3. Investment Experience/Knowledge

Those with more financial education or investment experience tend to have a higher tolerance for risk, based on their understanding of how the financial system operates. The familiarity of the situation or financial instrument usually eases the investor’s level of concern and may allow them to take on a higher level of risk.

4. Life Events

So many other circumstances can influence risk tolerance. Perhaps someone just became a new parent, knows an inheritance is coming soon, or will be accessing a pension in a couple of years. These are just some of the situations that also have an impact on risk tolerance since they all represent significant financial changes.

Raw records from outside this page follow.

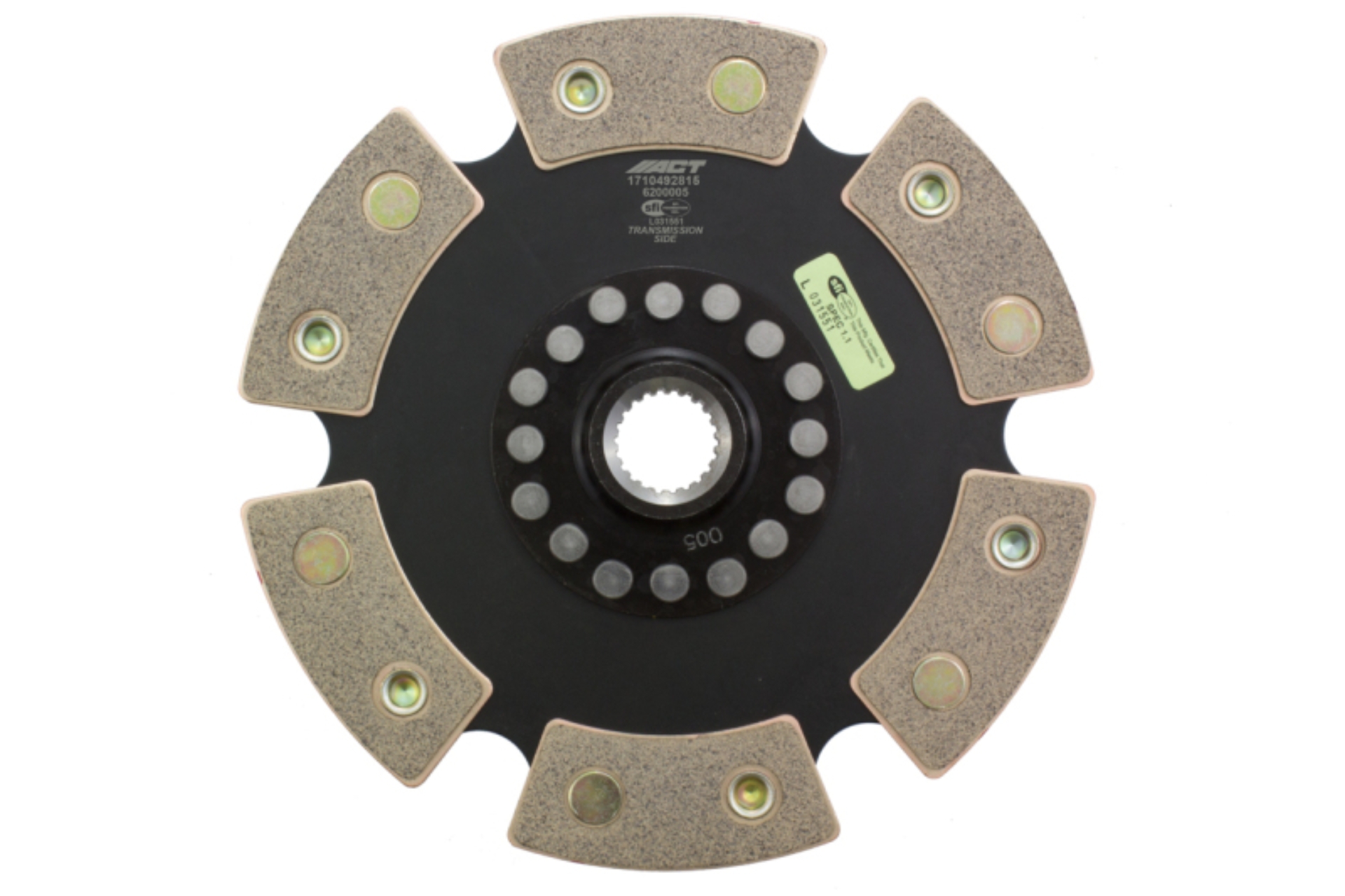Picture of ACT 6 Pad Rigid Race Clutch Disc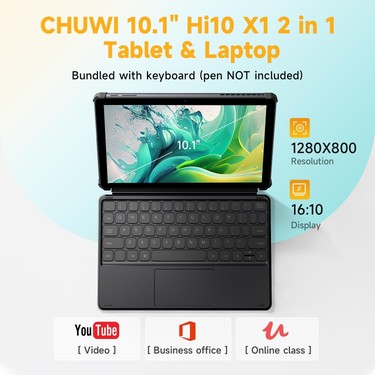 Chuwi HI10 X2 10.1 Intel Core I3 10100Y Işlemci, 8gb Ram, Fiyatı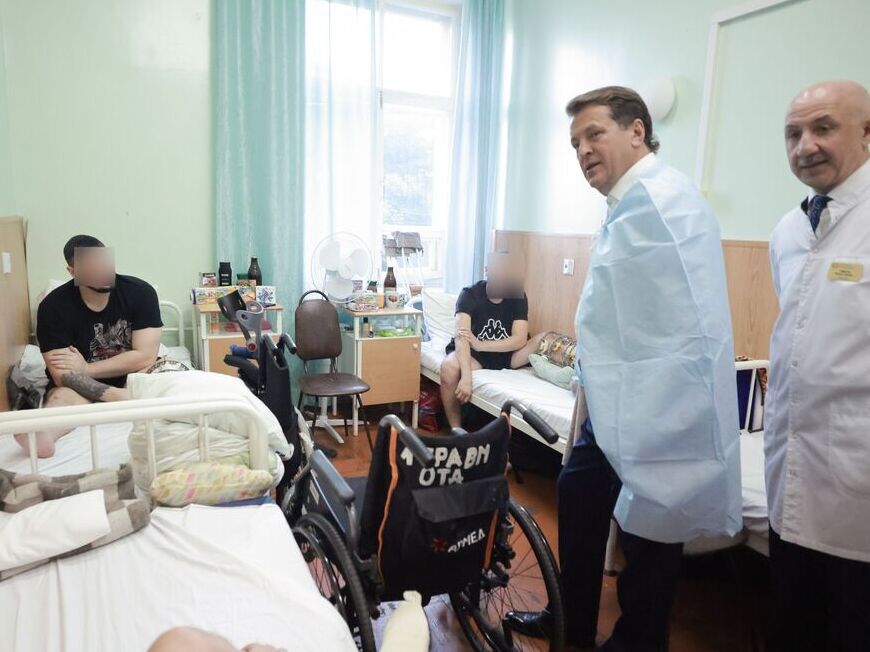 Ильсур Метшин навестил бойцов СВО на лечении в больнице №12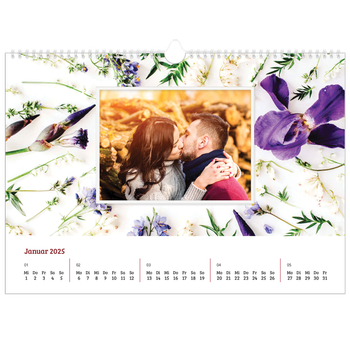 Fotokalender A3 — Blumenrahmen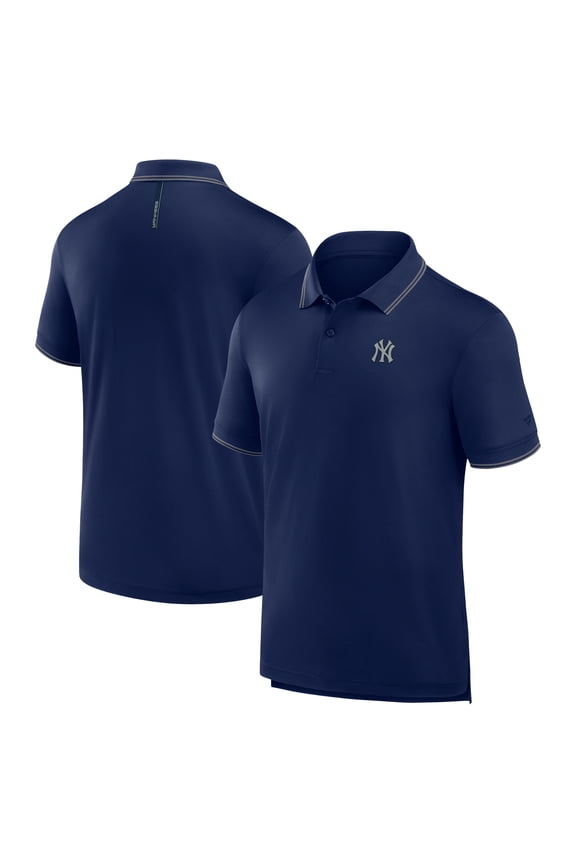 Men's Fanatics Navy New York Yankees Front Office Move Mono Pique Polo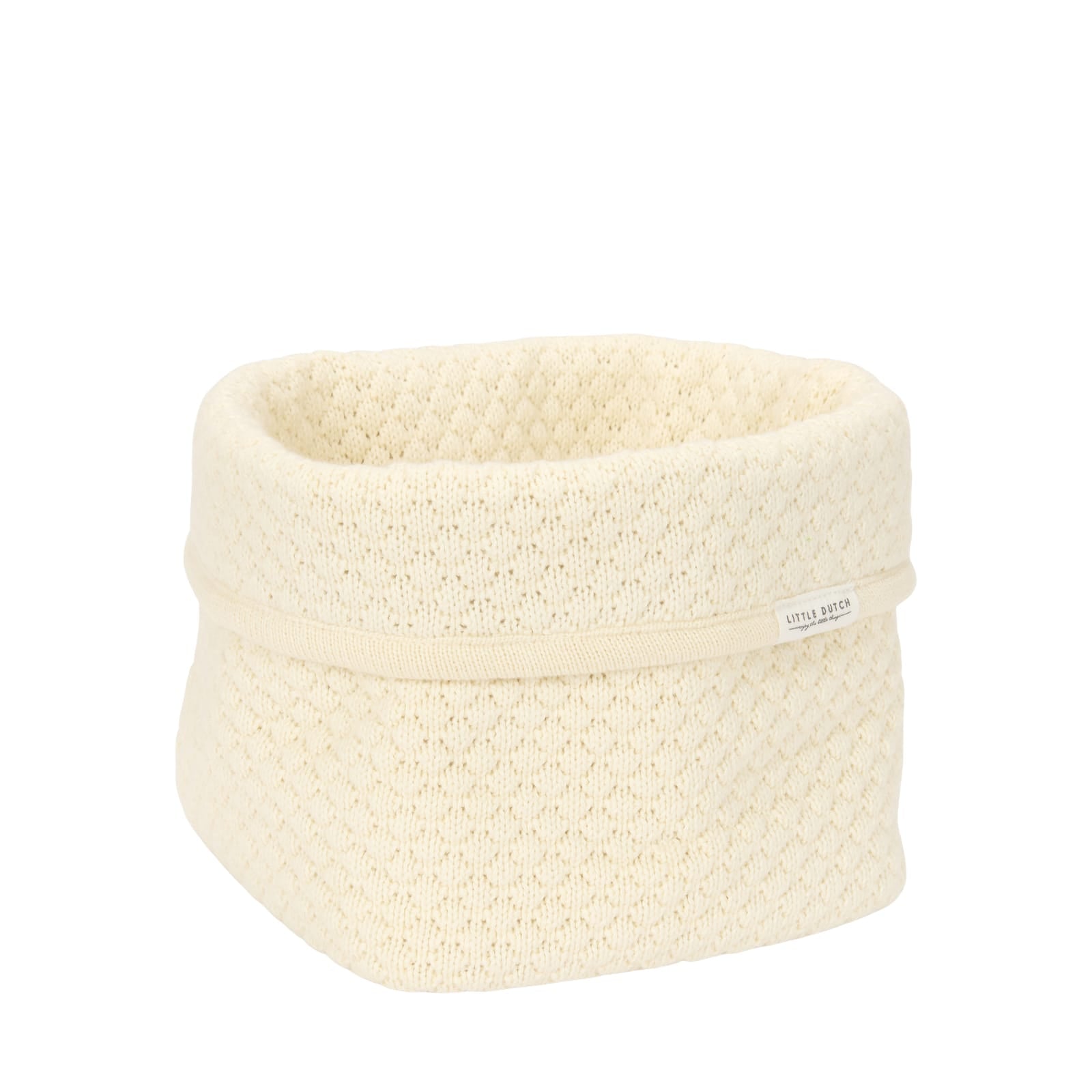 Knitted Storage Basket Small - Pure Soft White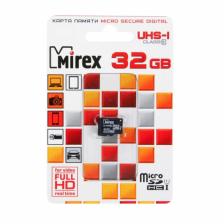 Карта памяти Mirex microSD, 32 Гб, SDHC, UHS-I, класс 10 – фото 1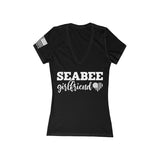 Seabee Girlfriend Women's V-Neck Tee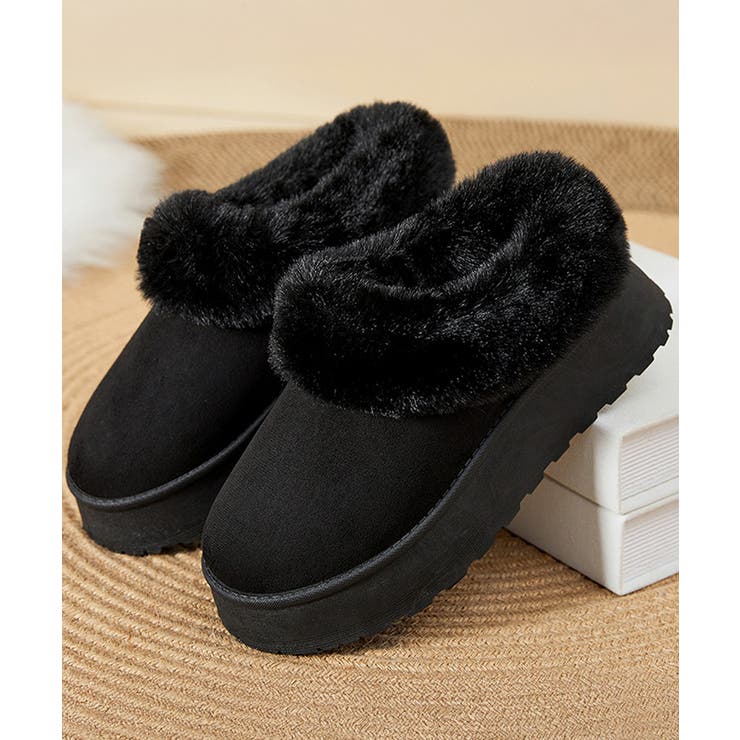 アンクルムートンブーツ厚底ファーシューズ | SUNSHINE CLOSET | 詳細画像19 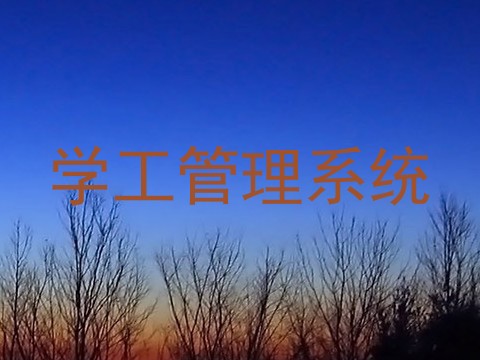 学工管理系统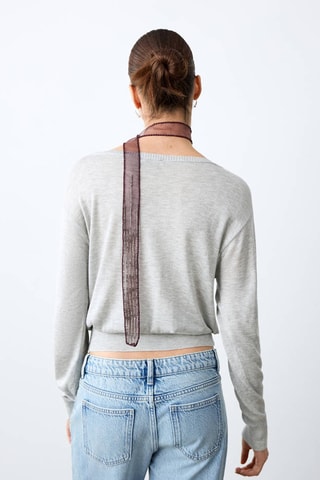 Pull-over col bateau - Gris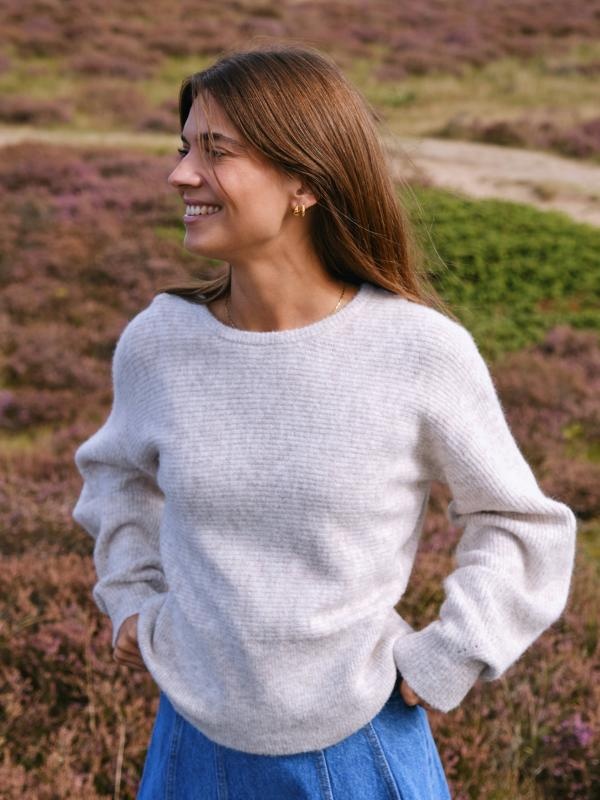 Turuna Structure Knit Blouse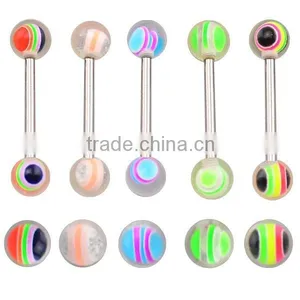 TR01062 Resin Printed Body Jewelry Fake Tongue Piercing thumbnail-3
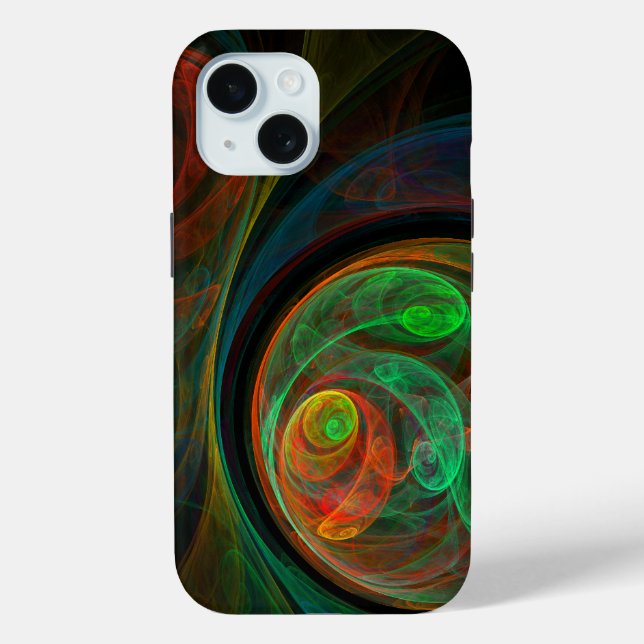 Coques Case-Mate iPhone Reborn Green Art Abstrait (Verso)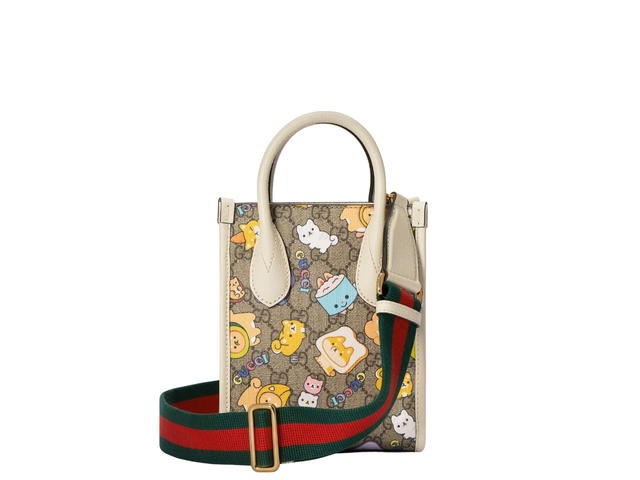 Gucci Gucci Mini Tote Bag Animal Print - view 2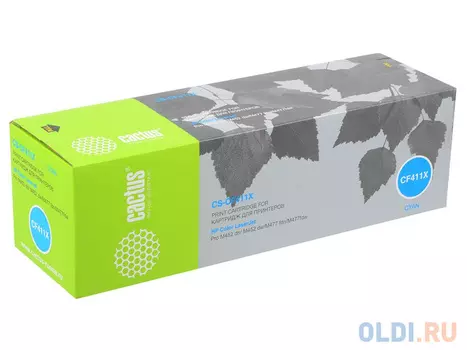 Картридж Cactus CS-CF411X 5000стр Голубой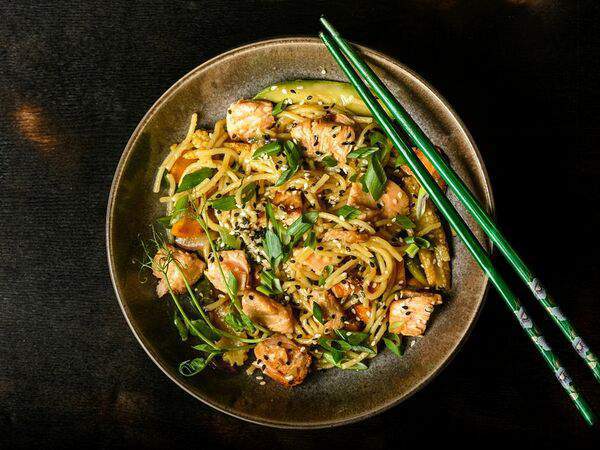 Foodmarket #FaceRoll - Яичная лапша с лососем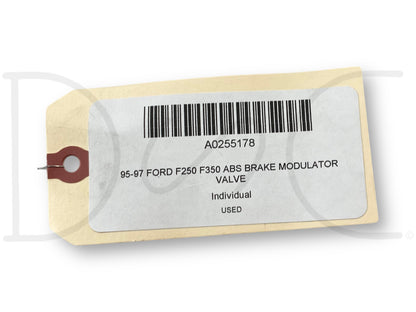 95-97 Ford F250 F350 ABS Brake Modulator Valve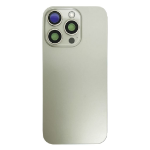 Apple EU Product - iPhone 15 Pro Back Cover with Small Parts (No Logo) - Natural Titanium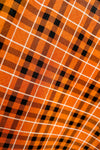 Orange Plaid Skater Skirt by Retrolicious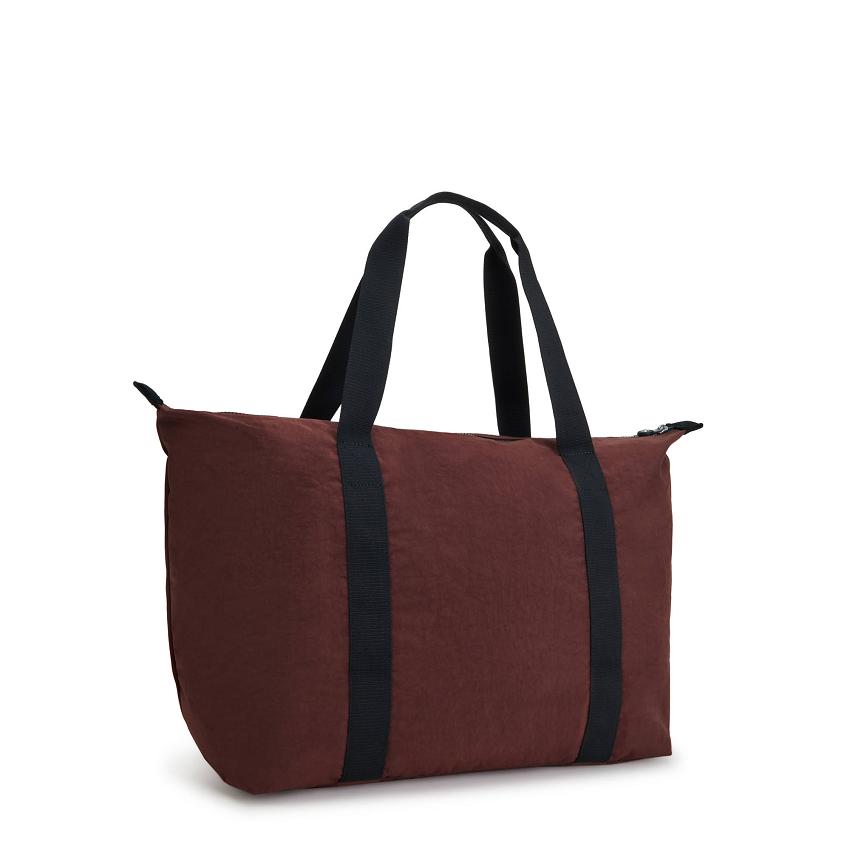 Kipling Art Medium Lite Tote Bags Dark Red | UKKi1743C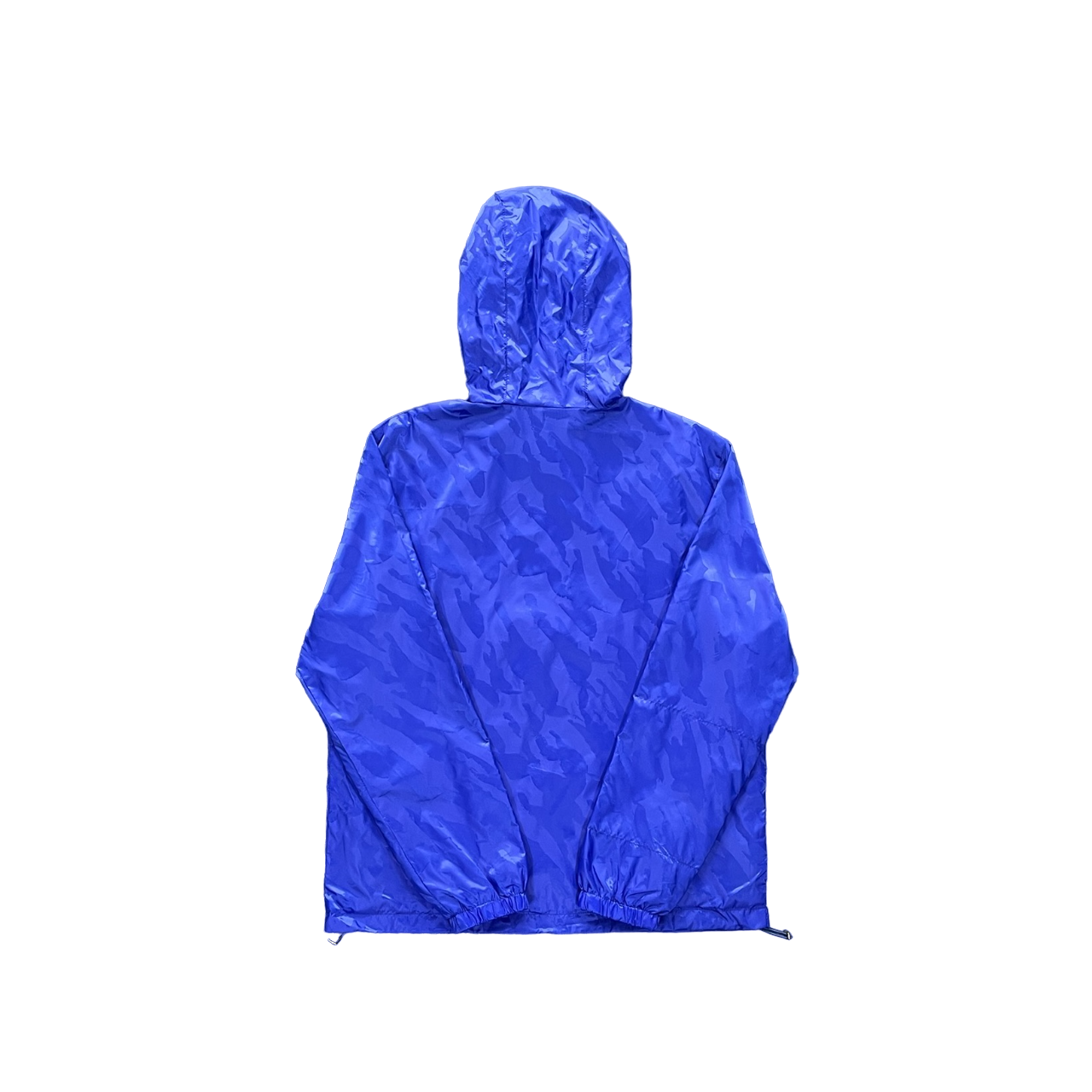 Trapstar jacquard windbreaker blue and black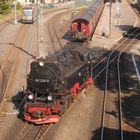 Nordhäuser HSB Bahnhof im Abendlicht 2.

Understanding how to assess risk tolerance is critical when looking at investing, but the real value is what you do with that information. Use this information to talk with your advisor about your risk profile. Discuss what your goals are and your current life stage. It’s also important to remember that risk tolerance levels are not static and periodic reviews can help ensure you are not taking more risk than your comfort level allows.

Just as in Deal or No Deal or Jeopardy!, we all can tolerate varying degrees of risk when investing our money. Ultimately there is no exact formula since risk appetite falls along a broad personal spectrum. At Strategic Wealth Partners, we love helping people uncover their risk tolerance and align their portfolio accordingly. Please reach out to us if you would like to learn more.


This article contains general information that is not suitable for everyone. The information contained herein should not be constructed as personalized investment advice. Reading or utilizing this information does not create an advisory relationship. An advisory relationship can be established only after the following two events have been completed (1) our thorough review with you of all the relevant facts pertaining to a potential engagement; and (2) the execution of a Client Advisory Agreement. There is no guarantee that the views and opinions expressed in this article will come to pass.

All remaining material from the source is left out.